[DATA Boundary: Start]

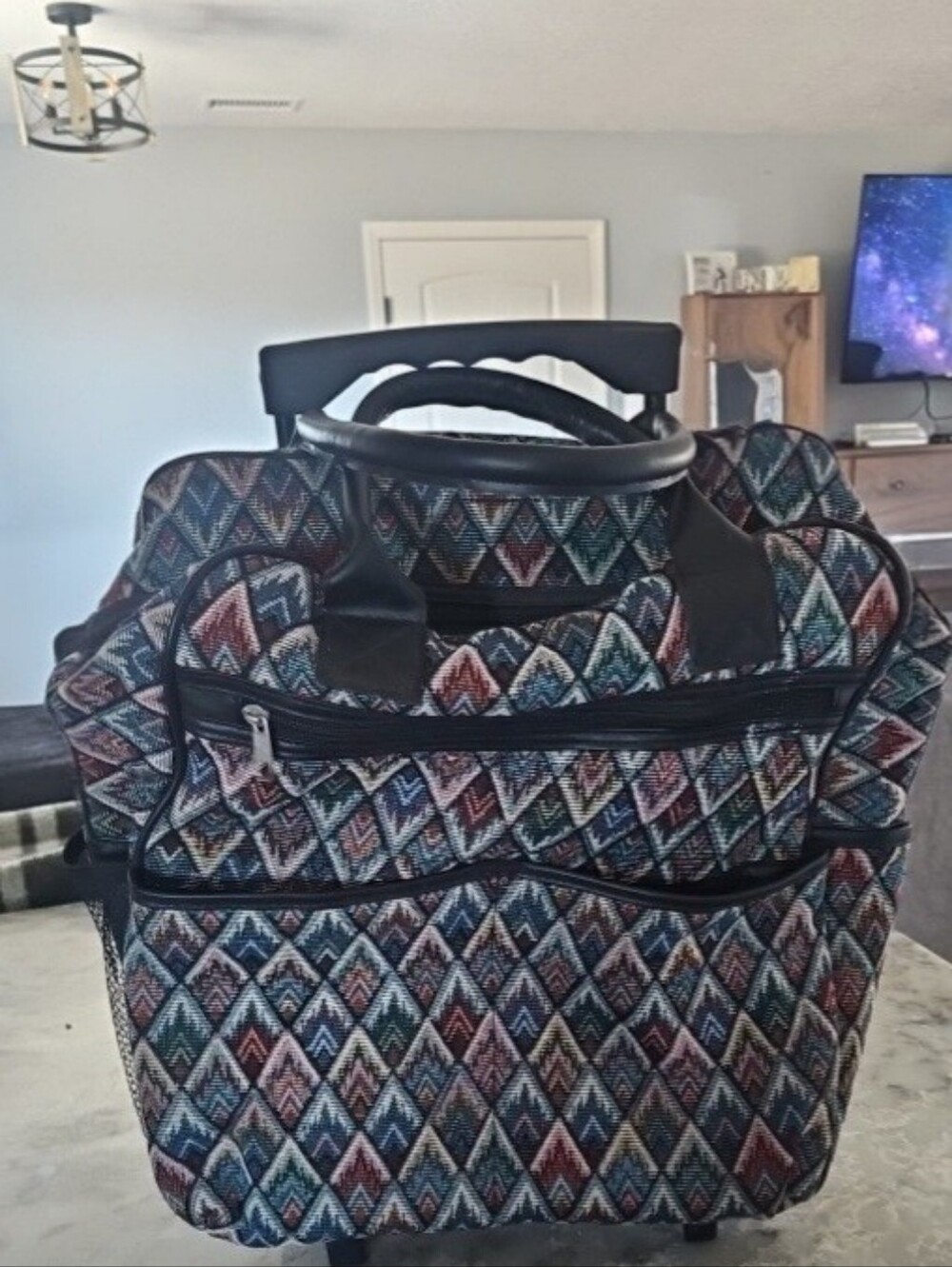 Vintage 90s Tapestry Rolling Duffel Bag Chevron Geometric Wheel Luggage CarryOn
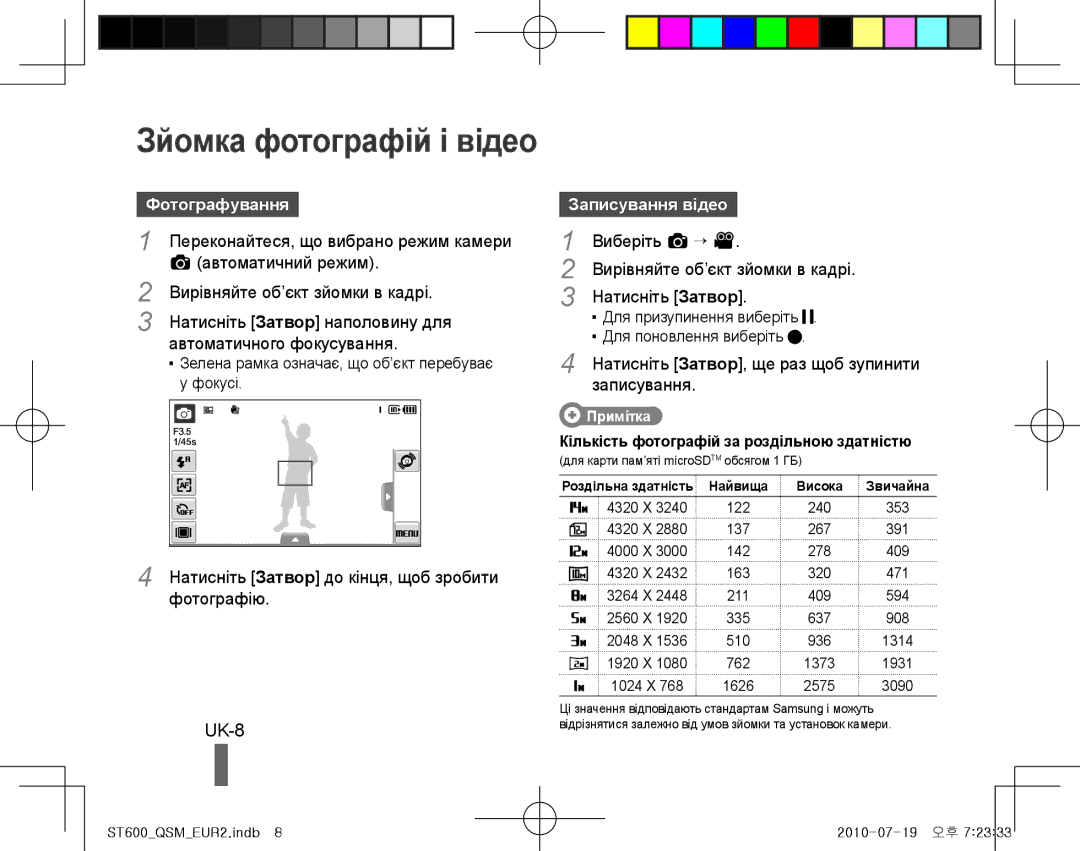 Samsung EC-ST600ZBPLE1, EC-ST600ZBPBE1, EC-ST600ZBPBIT, EC-ST600ZBPPIT manual UK-8, Фотографування, Записування відео 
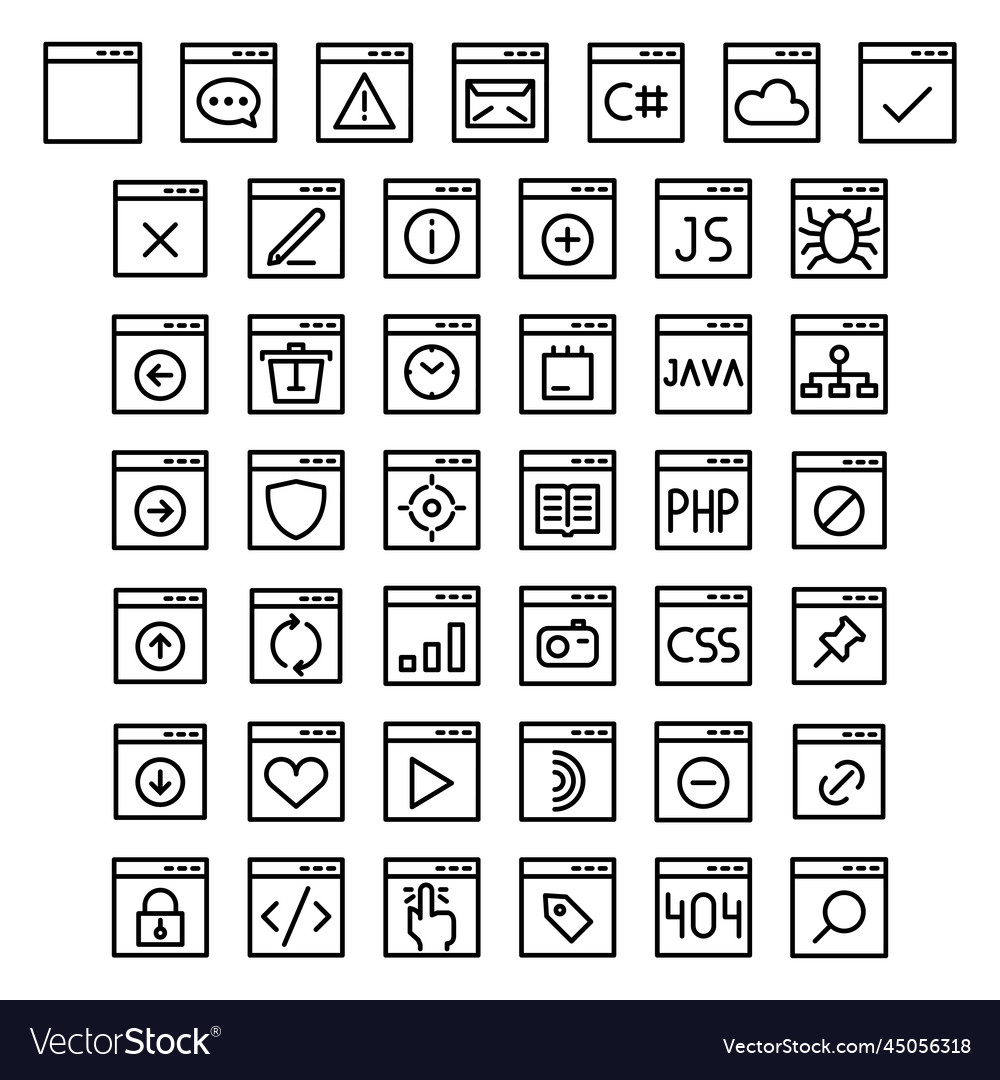 Icons set of web design and coding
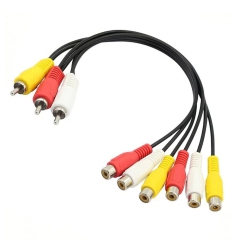ISTAR 3 Rca Male Jack to 6 Rca Female Plug Splitter Audio Video Av Adapter Cable 25 Cm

[DATA Boundary: End]

WHAT THE TASK REQUIRES: Copy out the material above exactly; the images stay out.

SOLUTION:
 Vintage 90s Tapestry Rolling Duffel Bag Chevron Geometric Wheel Luggage CarryOn
 Samsung EC-ST600ZBPLE1, EC-ST600ZBPBE1, EC-ST600ZBPBIT, EC-ST600ZBPPIT manual UK-8, Фотографування, Записування відео 
 Icons set of web design and coding
ISTAR 3 Rca Male Jack to 6 Rca Female Plug Splitter Audio Video Av Adapter Cable 25 Cm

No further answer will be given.